急に発表になったDSK釈放の報に、党としての公式見解は未だ出せずにいる。
社会の見方は二つの可能性に別れている。
一つは、大統領選に出馬が決まれば、社会党は政権を取り戻す事になるだろう、と言うもの。
何しろ、フランス人の60%あまりが、最初から最後まで「冤罪」だと信じていた。
他方、あれだけの「屈辱的姿」を曝す結果となって、果たして彼が大統領候補として「打って出る」気分になるだろうか、と言う懐疑的意見である。
この事件に、あれこれ多くの疑問点を抱きつつ、日本の現状とつい比べてしまうのだ。
一つ目は、小沢一郎への冤罪。
ほぼ「日本国総理大臣」になる所だった政治家を、言いがかりで起訴させてしまう現状。
二つ目は、恥を知らず、矜持も持たぬ首相の事である。
ほぼ「日本国総理大臣」からたたき出されようとしていながら、悪あがき三昧の現状。
無理矢理こじつければ、似ていなくも無い状況であるが、当然ながら実態は全く異なっている。
今回のDSK事件は、大統領の座への再選の可能性をほぼ閉ざされていた『ニコラ・サルコジー』からすれば、振って湧いた様な僥倖であった。

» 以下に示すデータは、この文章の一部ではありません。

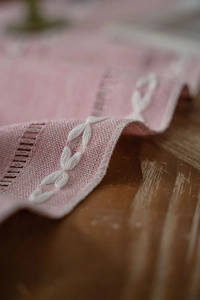 Close-up of pink Nordic table runner featuring white leaf embroidery and ladder stitch details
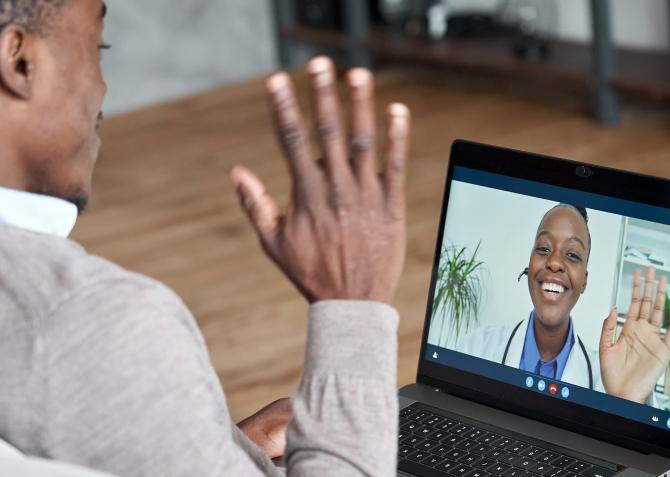 man talks to doctor on telehealth video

本来ならば、何らかの声明を出し、擁護はしなくとも、少なくとも「不当な扱いをしない様」に形式的に求める位は、当然行う筈の状況であったにも拘らず、フランス政府としては、アメリカ・サイドに何ら意思表示を行わなかった。
NY州検事長によれば、立件が成立しなくなる可能性も示唆されている。
実に、ギリシャの財政破綻への介入を巡って、IMFと対立関係に遇ったアメリカ。
DSKによる、アメリカ銀行に保管されている筈のIMF所有になる<金>が、使い込まれて居る可能性の発見。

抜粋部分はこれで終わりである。